A Little Anthology of Love Poems
What to read your sweetheart on Valentine's Day.
Is romantic love universal, or is it an elegant pursuit invented by flirtatious lords and ladies, or their poets and troubadours, in the medieval courts of southern Europe?—as suggested by the very words "courtship" and "romantic." (Narratives or "romances" were written in the post-Roman, non-Latin languages of the region.)
The monk Andreas Capellanus wrote "The Art of Courtly Love" sometime around the year 1180, including rules that sound familiar:
Rule 1: Marriage is no real excuse for not loving.
Rule 2: He who is not jealous cannot love.

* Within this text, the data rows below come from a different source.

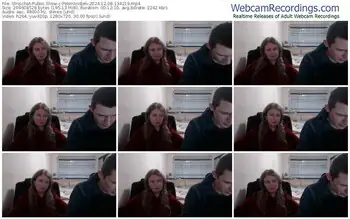stripchat-peterandjen-12-08-2024-13-42-19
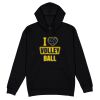 Cloke Mens Edge Hoodie V2 Thumbnail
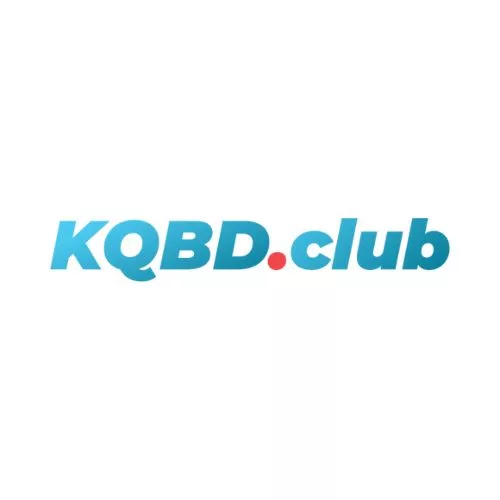 Tỷ lệ kèo Ketquabongdaeucom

Certainly modern life, with its emphasis on erotic needs and desires, tends to support Rule 9: "No one should be deprived of love without the very best of reasons." The traditions of St. Valentine's Day—cards, poems, flowers, candy, music—conform with what may be Capellanus' most interesting principle, Rule 10: "No one can love unless he is impelled by the persuasion of love."
Love is linked to art and persuasion, and also to the ideal or affectation of innocence. Poetry has roots in courtly flirtation, seduction, and complaint—that is, in courtship. For example, the brilliant, learned, and sophisticated aristocrat Sir Phillip Sidney wrote, affectingly, as though in the voice of a shepherd girl:
MY TRUE LOVE HATH MY HEART AND I HAVE HIS
My true love hath my heart and I have his,
By just exchange one for another given;
I hold his dear, and mine he cannot miss,
There never was a better bargain driven.
My true love has my heart and I have his.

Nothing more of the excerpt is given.